A successful submission returns an empty JSON response:

{}

You can search for this trace in Grafana by going to Explore, selecting the Tempo data source, and searching for the trace ID 01020304050607080102040810203040 or filtering by service.name = test-service.

Step 9: Verify Metrics Generation

If you configured the metrics_generator to push to Mimir, the RED metrics should start appearing after Tempo processes traces. Check the Mimir endpoint through Grafana by querying:

traces_spanmetrics_calls_total

This PromQL query shows the total span count by service, method, and status code. The metrics generator produces several useful metrics:

  • traces_spanmetrics_calls_total – request count (Rate)
  • traces_spanmetrics_latency_bucket – request duration histogram (Duration)
  • traces_service_graph_request_total – service-to-service request count
  • traces_service_graph_request_failed_total – service-to-service error count (Errors)

Troubleshooting

Tempo fails to bind on port 4317

Port 4317 is the standard OTLP gRPC port. If Alloy is also running on the same host with an OTLP receiver, there will be a port conflict. Either disable the OTLP receiver in Alloy (since Tempo will handle trace ingestion directly) or change Alloy’s OTLP ports to 4320/4321 as shown in the Alloy article.
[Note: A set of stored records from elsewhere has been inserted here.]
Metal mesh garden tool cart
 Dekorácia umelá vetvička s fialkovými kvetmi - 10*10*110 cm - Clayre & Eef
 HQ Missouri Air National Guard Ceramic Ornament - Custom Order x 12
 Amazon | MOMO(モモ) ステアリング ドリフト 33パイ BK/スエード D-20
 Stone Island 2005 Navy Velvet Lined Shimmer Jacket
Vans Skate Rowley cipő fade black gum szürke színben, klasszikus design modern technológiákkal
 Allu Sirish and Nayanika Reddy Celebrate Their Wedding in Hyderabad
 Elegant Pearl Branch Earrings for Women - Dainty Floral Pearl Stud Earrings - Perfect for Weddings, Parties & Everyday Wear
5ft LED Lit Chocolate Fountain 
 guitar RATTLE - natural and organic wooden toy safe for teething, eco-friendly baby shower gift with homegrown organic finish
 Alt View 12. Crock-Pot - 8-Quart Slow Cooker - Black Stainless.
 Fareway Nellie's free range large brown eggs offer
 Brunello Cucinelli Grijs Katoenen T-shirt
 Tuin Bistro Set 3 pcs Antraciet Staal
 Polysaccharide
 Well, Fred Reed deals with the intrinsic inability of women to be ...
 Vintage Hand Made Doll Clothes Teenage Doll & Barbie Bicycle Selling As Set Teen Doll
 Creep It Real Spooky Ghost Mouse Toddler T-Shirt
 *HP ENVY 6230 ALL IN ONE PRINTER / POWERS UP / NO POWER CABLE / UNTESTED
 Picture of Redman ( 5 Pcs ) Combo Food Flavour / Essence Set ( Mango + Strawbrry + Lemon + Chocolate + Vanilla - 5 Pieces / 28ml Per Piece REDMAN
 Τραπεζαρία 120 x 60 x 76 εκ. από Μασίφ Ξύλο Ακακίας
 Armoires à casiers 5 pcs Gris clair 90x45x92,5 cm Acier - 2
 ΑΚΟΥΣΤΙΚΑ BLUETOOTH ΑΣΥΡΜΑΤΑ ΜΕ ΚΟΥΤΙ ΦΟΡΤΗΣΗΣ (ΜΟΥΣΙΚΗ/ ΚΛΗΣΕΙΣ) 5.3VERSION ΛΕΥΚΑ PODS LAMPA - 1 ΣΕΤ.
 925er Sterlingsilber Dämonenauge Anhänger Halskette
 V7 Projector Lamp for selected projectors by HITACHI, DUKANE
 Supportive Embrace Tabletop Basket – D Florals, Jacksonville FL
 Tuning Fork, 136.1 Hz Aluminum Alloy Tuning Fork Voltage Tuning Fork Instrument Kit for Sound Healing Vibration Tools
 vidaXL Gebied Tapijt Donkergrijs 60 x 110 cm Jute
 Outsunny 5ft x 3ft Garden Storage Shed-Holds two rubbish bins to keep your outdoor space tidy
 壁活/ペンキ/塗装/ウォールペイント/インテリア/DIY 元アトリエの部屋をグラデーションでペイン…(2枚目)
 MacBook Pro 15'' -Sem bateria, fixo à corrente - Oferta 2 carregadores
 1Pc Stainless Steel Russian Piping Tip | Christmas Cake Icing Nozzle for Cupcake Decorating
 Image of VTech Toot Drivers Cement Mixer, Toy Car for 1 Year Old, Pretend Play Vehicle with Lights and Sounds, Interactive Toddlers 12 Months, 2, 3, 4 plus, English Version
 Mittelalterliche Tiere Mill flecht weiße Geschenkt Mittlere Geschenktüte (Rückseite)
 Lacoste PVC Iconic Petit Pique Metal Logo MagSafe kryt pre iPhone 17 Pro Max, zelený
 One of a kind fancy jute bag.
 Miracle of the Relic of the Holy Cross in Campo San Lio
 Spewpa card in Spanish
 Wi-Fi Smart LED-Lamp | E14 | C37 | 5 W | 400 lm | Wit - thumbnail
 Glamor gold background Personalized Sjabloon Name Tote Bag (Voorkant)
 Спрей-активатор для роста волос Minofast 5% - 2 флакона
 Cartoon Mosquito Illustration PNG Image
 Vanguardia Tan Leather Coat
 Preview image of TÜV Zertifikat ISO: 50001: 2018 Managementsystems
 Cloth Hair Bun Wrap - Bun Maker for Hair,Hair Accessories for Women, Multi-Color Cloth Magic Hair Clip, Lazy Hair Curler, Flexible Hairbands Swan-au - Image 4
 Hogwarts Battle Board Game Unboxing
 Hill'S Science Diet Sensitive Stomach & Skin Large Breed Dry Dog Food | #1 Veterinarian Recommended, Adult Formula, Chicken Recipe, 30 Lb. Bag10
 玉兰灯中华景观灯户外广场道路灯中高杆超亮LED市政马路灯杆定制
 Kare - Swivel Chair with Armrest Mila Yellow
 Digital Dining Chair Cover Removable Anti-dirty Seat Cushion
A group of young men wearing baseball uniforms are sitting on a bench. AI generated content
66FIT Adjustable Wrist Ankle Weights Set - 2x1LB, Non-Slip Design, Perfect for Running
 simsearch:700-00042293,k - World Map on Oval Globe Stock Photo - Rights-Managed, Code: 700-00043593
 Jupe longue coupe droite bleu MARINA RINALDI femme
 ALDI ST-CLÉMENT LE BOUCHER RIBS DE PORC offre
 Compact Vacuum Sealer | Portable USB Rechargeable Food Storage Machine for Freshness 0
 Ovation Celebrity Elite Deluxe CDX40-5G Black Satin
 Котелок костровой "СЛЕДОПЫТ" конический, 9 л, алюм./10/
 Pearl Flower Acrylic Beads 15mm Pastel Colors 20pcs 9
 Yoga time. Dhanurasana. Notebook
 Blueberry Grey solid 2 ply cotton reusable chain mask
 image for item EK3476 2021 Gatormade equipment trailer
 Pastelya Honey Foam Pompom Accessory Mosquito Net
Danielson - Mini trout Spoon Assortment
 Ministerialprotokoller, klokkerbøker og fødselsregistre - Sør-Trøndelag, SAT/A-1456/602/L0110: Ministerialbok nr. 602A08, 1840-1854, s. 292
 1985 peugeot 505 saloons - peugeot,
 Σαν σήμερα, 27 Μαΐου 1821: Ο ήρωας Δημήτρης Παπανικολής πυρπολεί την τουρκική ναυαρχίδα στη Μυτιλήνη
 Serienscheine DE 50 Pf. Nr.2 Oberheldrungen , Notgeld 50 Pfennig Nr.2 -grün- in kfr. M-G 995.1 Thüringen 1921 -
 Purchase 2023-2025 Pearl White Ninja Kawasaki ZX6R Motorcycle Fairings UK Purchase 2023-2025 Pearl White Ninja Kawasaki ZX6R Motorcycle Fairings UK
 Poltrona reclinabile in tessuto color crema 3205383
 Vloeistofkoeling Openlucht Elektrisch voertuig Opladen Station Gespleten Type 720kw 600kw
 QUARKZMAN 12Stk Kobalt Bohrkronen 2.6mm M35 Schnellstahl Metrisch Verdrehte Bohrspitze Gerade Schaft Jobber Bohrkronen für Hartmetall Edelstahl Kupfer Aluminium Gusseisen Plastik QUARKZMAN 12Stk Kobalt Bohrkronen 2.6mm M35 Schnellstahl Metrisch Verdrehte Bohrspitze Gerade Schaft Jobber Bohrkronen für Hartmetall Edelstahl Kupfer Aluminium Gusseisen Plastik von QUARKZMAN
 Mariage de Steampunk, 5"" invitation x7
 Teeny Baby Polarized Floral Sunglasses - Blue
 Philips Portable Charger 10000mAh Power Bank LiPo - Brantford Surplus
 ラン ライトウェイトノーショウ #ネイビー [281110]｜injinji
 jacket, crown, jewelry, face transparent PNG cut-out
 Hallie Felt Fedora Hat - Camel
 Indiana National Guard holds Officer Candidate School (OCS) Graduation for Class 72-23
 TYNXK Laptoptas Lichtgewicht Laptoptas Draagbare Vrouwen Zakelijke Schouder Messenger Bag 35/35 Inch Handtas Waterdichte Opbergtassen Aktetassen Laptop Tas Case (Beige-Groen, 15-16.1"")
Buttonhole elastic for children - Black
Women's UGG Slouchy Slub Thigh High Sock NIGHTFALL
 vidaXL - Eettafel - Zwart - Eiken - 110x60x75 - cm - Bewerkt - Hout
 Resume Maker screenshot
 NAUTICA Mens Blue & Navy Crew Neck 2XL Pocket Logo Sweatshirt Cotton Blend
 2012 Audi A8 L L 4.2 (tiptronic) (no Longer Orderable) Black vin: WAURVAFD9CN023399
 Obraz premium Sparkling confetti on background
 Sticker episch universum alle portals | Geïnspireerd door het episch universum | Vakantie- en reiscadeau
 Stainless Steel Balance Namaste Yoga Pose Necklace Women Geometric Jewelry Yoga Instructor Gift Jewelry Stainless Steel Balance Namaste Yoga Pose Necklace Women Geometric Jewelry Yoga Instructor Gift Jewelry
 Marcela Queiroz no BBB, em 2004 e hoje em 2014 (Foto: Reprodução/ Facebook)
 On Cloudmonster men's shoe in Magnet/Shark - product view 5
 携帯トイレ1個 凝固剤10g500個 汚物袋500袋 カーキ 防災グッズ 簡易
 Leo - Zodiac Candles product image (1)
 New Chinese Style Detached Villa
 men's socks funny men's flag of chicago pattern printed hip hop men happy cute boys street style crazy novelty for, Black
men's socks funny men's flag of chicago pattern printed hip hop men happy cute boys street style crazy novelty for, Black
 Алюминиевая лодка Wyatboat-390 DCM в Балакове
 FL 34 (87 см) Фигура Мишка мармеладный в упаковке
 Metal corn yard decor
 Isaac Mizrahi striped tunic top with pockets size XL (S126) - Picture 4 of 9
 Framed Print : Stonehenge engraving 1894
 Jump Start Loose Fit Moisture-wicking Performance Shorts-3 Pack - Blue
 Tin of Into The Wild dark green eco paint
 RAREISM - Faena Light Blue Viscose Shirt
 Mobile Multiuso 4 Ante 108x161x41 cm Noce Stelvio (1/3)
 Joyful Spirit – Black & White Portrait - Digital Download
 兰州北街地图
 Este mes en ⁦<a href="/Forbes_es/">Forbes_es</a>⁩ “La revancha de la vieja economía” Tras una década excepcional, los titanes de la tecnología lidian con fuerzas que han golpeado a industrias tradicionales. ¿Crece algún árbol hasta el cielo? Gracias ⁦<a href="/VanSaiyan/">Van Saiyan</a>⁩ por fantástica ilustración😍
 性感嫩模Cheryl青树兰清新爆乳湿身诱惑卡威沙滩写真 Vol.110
Check what is using the port:

sudo ss -tlnp | grep 4317

SELinux blocking Tempo from writing to /var/tempo

Check for AVC denials:

sudo ausearch -m avc -ts recent | grep tempo

If you see denials related to the data directory, reapply the SELinux contexts:

sudo restorecon -Rv /var/tempo

Metrics generator not producing RED metrics

Verify the generator WAL directory exists and is writable:

ls -laZ /var/tempo/generator/

Also check that Mimir is reachable from Tempo. The generator pushes metrics via remote_write, so Mimir must be running and accepting writes:

curl -s http://localhost:9009/ready

Check Tempo’s logs for remote_write errors:

sudo journalctl -u tempo --no-pager -n 30 | grep -i "remote_write\|error"

Traces not appearing in Grafana

Tempo has an ingestion delay – traces may take up to 30 seconds to become searchable after ingestion. If traces still do not appear after waiting, check the Tempo metrics:

curl -s http://localhost:3200/metrics | grep tempo_distributor_spans_received_total

If this counter is zero, no traces are reaching Tempo. Verify the sending application or Alloy is configured to push to the correct endpoint.

Conclusion

Tempo is now running on Rocky Linux 10 / AlmaLinux 10, accepting traces via OTLP and Jaeger protocols, storing them locally with 31-day retention, and generating RED metrics that get pushed to Mimir. This completes the tracing layer of the Grafana LGTM stack. With Alloy collecting and forwarding telemetry, Loki storing logs, Mimir storing metrics, and Tempo storing traces, you have full observability across your infrastructure.